(What you have to do) Exactly reproduce the lines of the listing below from the one containing "Vücut yağlarının faydaları nelerdir?" through the one containing "Pamela Hayden Bids Farewell To Simpsons". Skip the images.

(Source data)

_ _ _ _

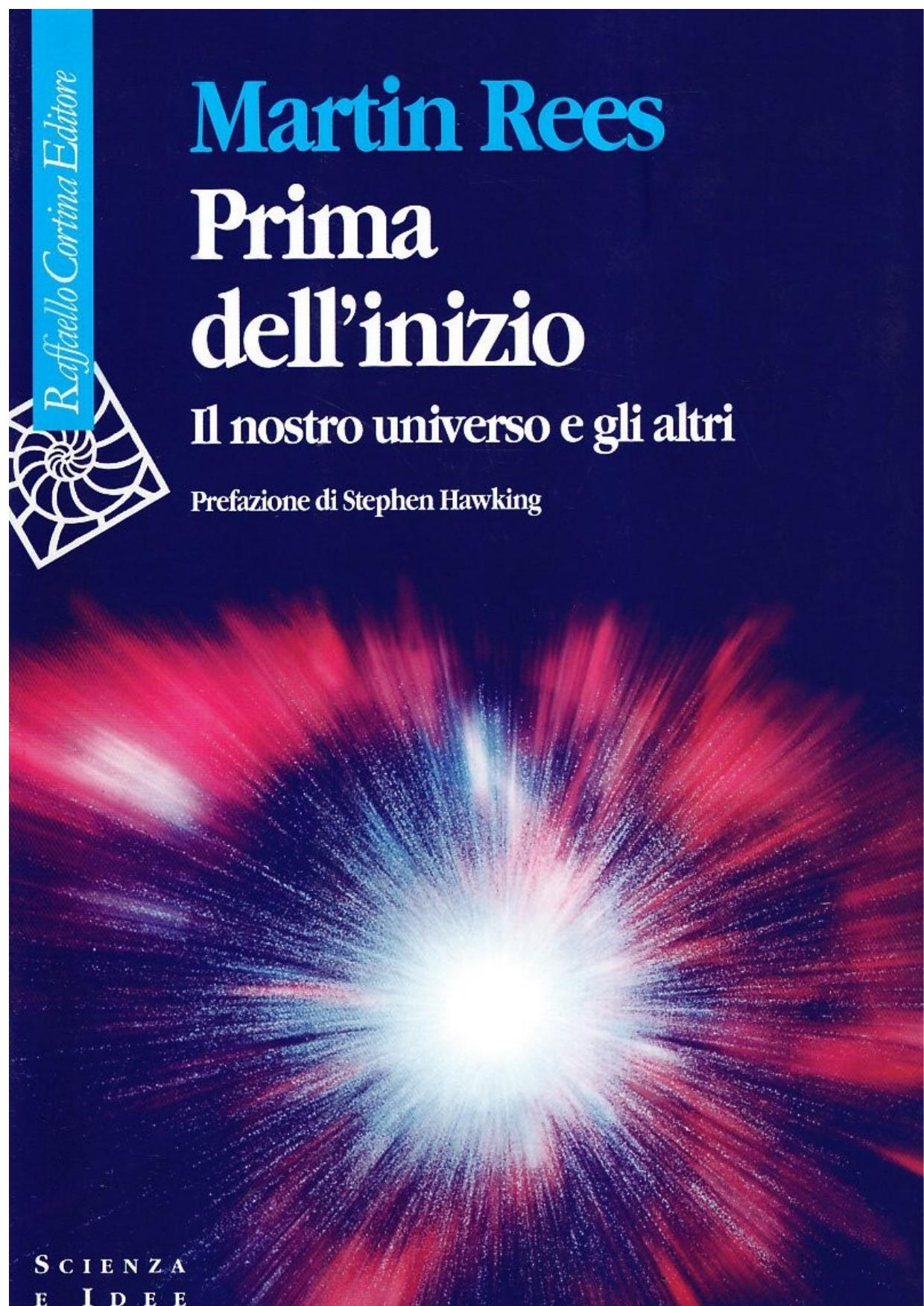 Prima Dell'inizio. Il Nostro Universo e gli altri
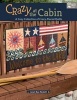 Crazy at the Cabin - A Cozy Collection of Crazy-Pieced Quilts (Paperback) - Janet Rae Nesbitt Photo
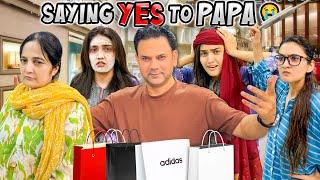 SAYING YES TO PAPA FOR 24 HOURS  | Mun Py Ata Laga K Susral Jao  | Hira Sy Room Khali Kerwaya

_ _ _ _

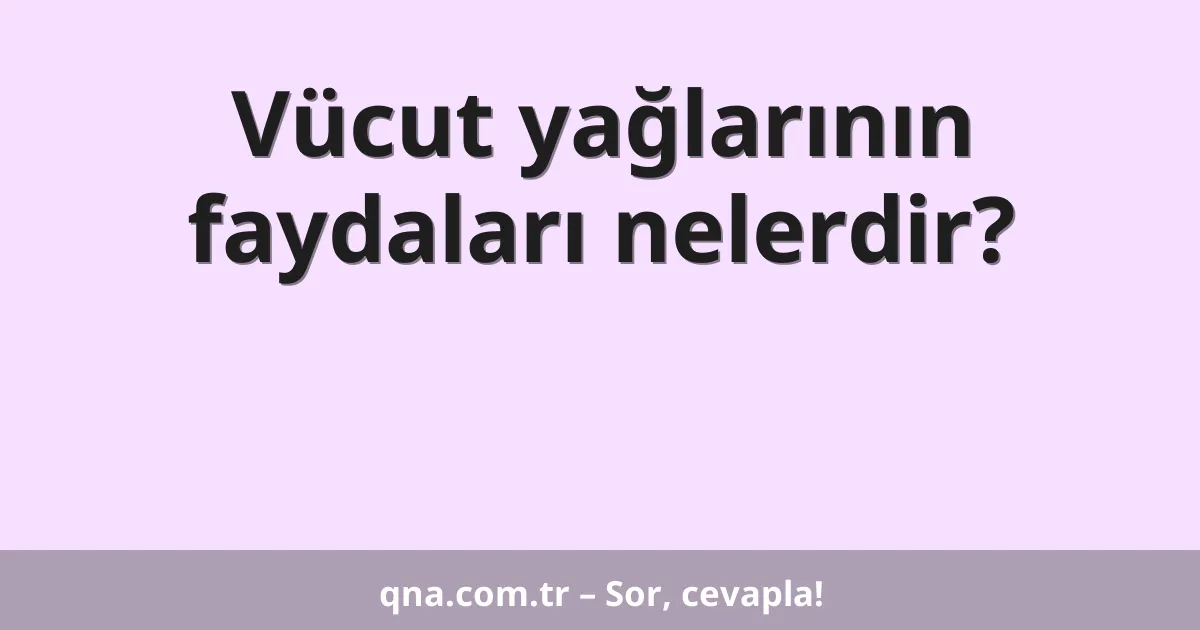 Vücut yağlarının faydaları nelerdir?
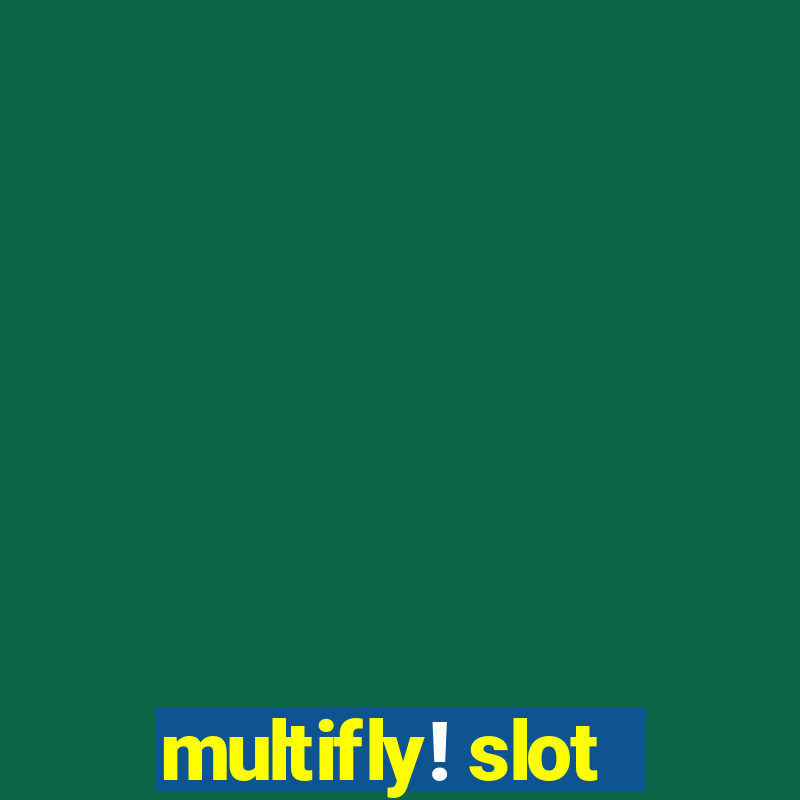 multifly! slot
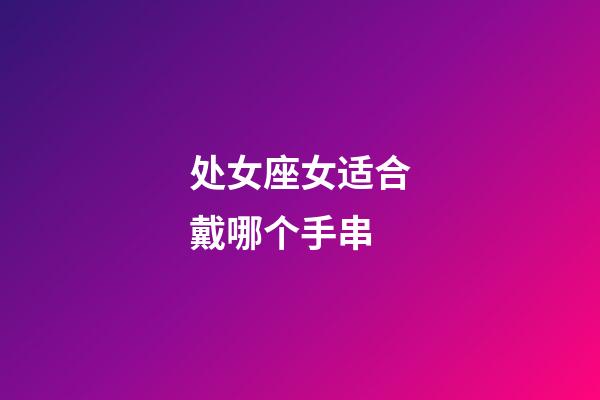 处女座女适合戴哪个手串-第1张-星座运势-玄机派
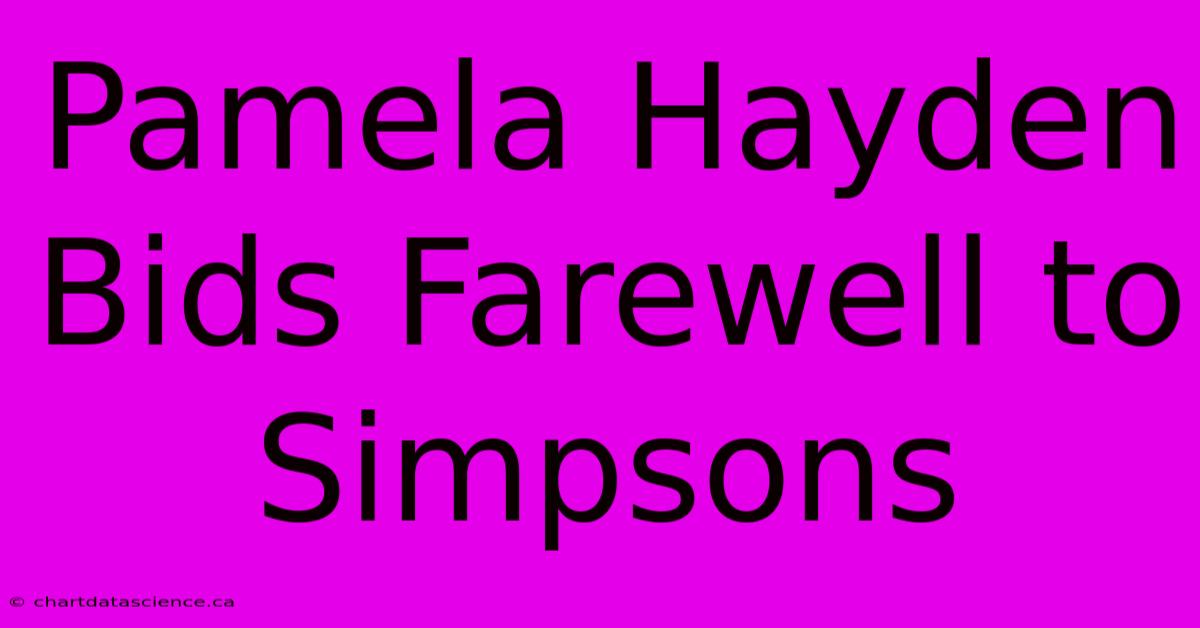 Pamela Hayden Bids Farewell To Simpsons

_ _ _ _

(Output of the task)
 Vücut yağlarının faydaları nelerdir?
 multifly! slot
 处女座女适合戴哪个手串-第1张-星座运势-玄机派
 Pamela Hayden Bids Farewell To Simpsons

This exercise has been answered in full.